The analyzer can only evaluate rows present in the uploaded files. Search Console may omit anonymized or low-volume queries, and interface exports may be limited. Average position is an aggregate, not a rank tracker. The tool does not access analytics conversions, crawl data, backlinks, server logs, Google update dates, competitor results, or page-change history. It cannot prove causation or guarantee recovery.

Frequently asked questions

Does this connect to my Search Console account?

No. Select two exported files. No OAuth permission or Google password is requested.

Are my files uploaded or stored?

No. The CSV parser and analysis run in your browser. Resetting or closing the tab clears the in-memory data.

Can I use a combined Search Console comparison export?

No. Column names vary by date and locale, and combined exports can be ambiguous. Export each date range separately from the same table.

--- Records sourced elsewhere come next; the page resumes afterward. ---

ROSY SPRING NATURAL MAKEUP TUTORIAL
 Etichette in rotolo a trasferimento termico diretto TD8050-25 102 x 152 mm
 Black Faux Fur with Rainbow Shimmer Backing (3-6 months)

Can I compare periods with different lengths?

Yes. Enter each period’s day count. Clicks and impressions are then compared as daily averages, and the report labels that normalization.

Does this prove a Google algorithm update caused the drop?

No. It identifies patterns in clicks, impressions, CTR, and average position. Update impact needs a timeline, affected page groups, technical checks, demand context, and often manual review.

Why do the row totals differ from the Search Console chart?

Search Console can omit anonymized queries and limit rows shown or exported through the interface. Aggregation and filtering can also change totals.

Is every feature free?

Yes. Analysis, row evidence, filters, copy, CSV download, JSON download, print, and sample data are all free. No contact information is required.

Review details and sources

Product specification and implementation prepared July 14, 2026. Diagnostic guidance is based primarily on Google Search Central documentation for Search performance reports, comparing data, data limits, and debugging search-traffic drops. Thresholds are product heuristics disclosed above, not Google rules.